A provocative debut collection of 12 edgy, effectively varied tales, many set in what appears to be their author’s home state of Indiana.
Rigorous understatement is Stuckey-French’s game, and the few comparatively flat stories here either don't move far enough away from their ho-hum premises or don’t develop potentially intriguing situations. Respective examples are “Blessing,” in which a middle-aged father’s outing with his college-student son only hints at the ironies of age offering reassurances, if not certainties, to youth; and “Scavenger Hunt,” an overattenuated black comedy that implicitly compares a long-divorced woman’s neurotic instability to both the title game and TV’s lowbrow mock-documentary Unsolved Mysteries. The searching “Electric Wizard” builds a contrast between a poetry teacher’s relationship with her two young daughters and the bereaved couple—parents of a student who has killed himself—who importune her for proof “that his suicidal behavior arose from sheer genius.” But it feels like a half-finished version of a longer, more detailed story.
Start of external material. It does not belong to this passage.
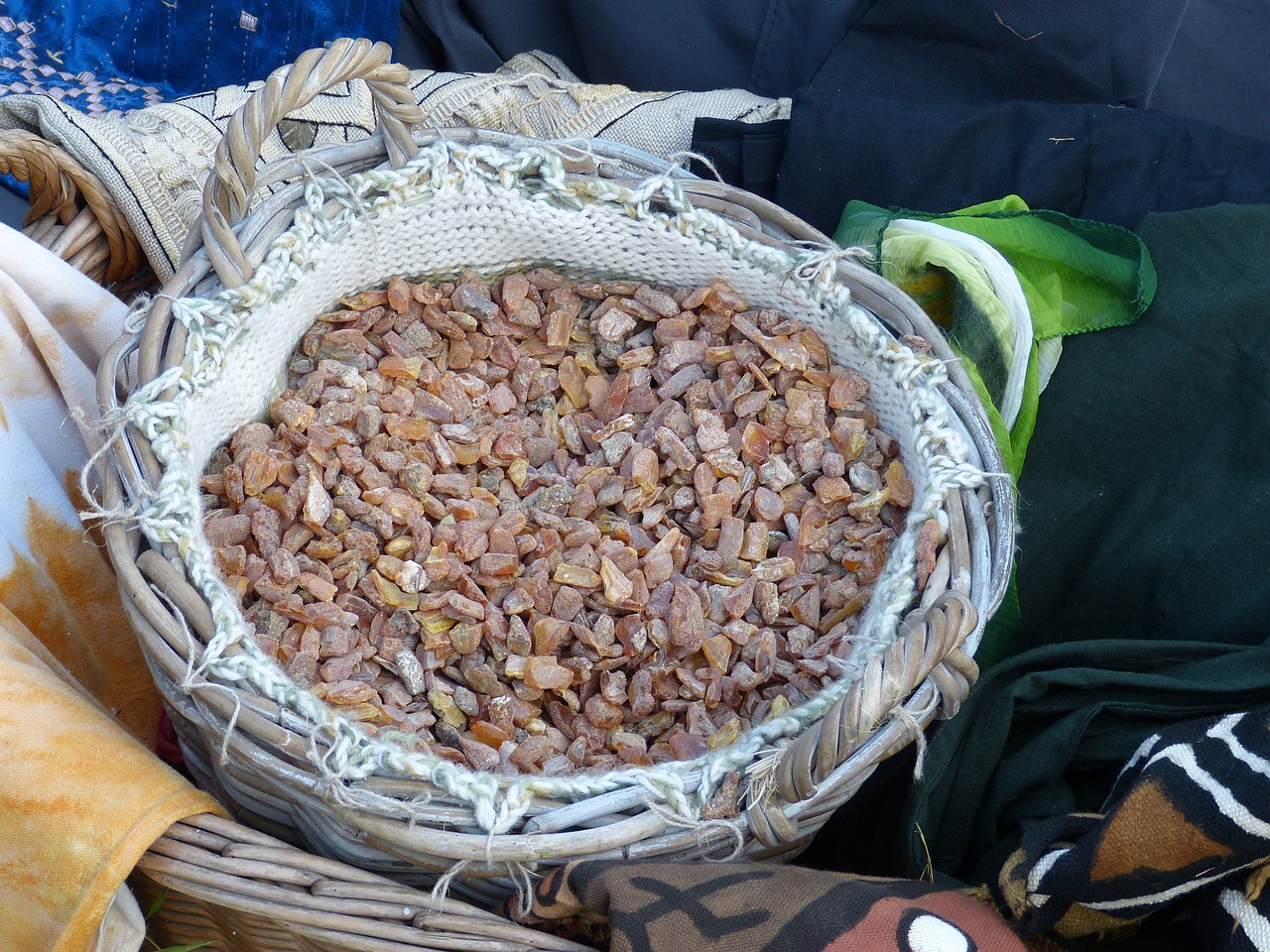 Muscat and Salalah — 6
A comparable thickness of conception and implication appears in several pieces, and works best in “Junior,” a carefully controlled portrayal of a moody juvenile misfit who’s initially attracted to, then discouraged by, her extended family’s eccentricity and needfulness; “The Visible Man,” in which a widow passively resigned to life in an old age home finds opportunities for mischief and a kind of control in her “friendship” with her suggestible former employer; and the superb “Search and Rescue”: a wonderfully imagined story, developed in an unusual and very moving way, that skillfully charts the tensions between two very different office co-workers: a volunteer scuba driver dedicated to retrieving drowning victims, and a lonely younger woman chained to the family demands imposed by her father, a helpless Alzheimer’s victim.
A bit uneven, then, but strong debut. One hopes Stuckey-French will soon test her gift for exploring arrestingly unconventional characters and conflicts in the ampler latitudes of the novel.